In fact, nobody was home on the still, partially sunny evening when the plane landed, narrowly missing the chicken coop, wiping out the fence and tearing a hole 4 feet long and 3 feet deep in the yard.

    “I’m just glad the kids weren’t out there playing,” Thomas said.

    Thomas had been out in his driveway working on his truck when the crash occurred. He didn’t see it happen, he said, but he and other neighbors as far as half a mile away heard the noise.

    Thomas, a construction worker who has lived with his wife in their current home for about 10 years, took off running across the highway and down the Erskines’ driveway to investigate. As soon as he saw the wreckage in the yard, he called 911 on his cell phone.



    “I could see right off that the pilot was dead,” he said. “But the woman was awake. I calmed her down while we waited for help. But she was trapped in there. I couldn’t have gotten her out.”

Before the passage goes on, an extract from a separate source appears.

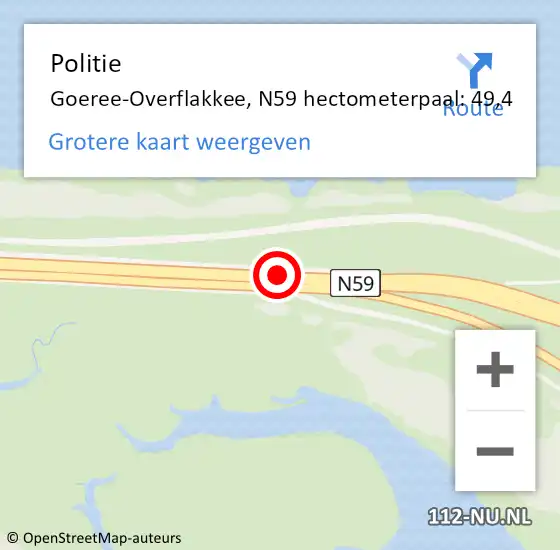 Locatie op kaart van de 112 melding: Politie Goeree-Overflakkee, N59 hectometerpaal: 49,4 op 31 januari 2024 23:05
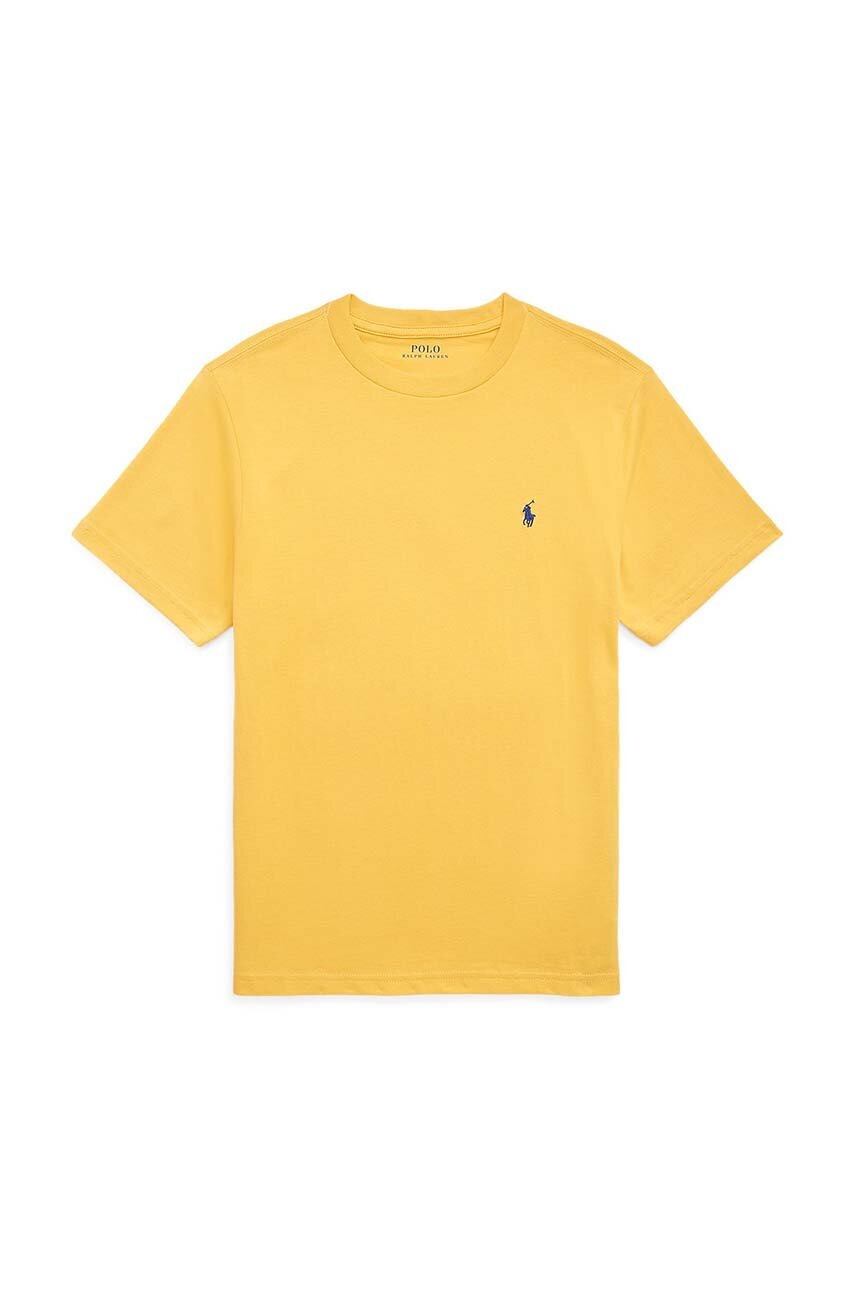 

Дитяча бавовняна футболка Polo Ralph Lauren колір жовтий однотонний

    Rescue workers were on the scene within about five minutes, Thomas said. They had to cut the woman from the wreckage.

    Teams from the Federal Aviation Administration and the National Transportation Safety Board were on site Saturday to investigate.

    Kristi Dunks, an air safety investigator, reported that witnesses said they’d seen the airplane traveling west to east on Friday before crashing at around 7:15 p.m.

    The wreckage indicated that the aircraft’s emergency parachute system had been deployed sometime during the accident, but Dunks did not have any further information on what may have occurred.

    “At this point we’re not looking at the cause, we’re looking at the facts,” she said.

    This particular airplane does not have a flight recorder, Dunks said, but some of the advanced avionics equipment on board may reveal something of what happened.

    Investigators planned to wrap up their on-scene work Saturday evening. They will release a preliminary report of their findings in the next few days.

    News sources out of Seattle reported Saturday that the pilot was identified by family members as 39-year-old Shane Sullivan of Bellevue.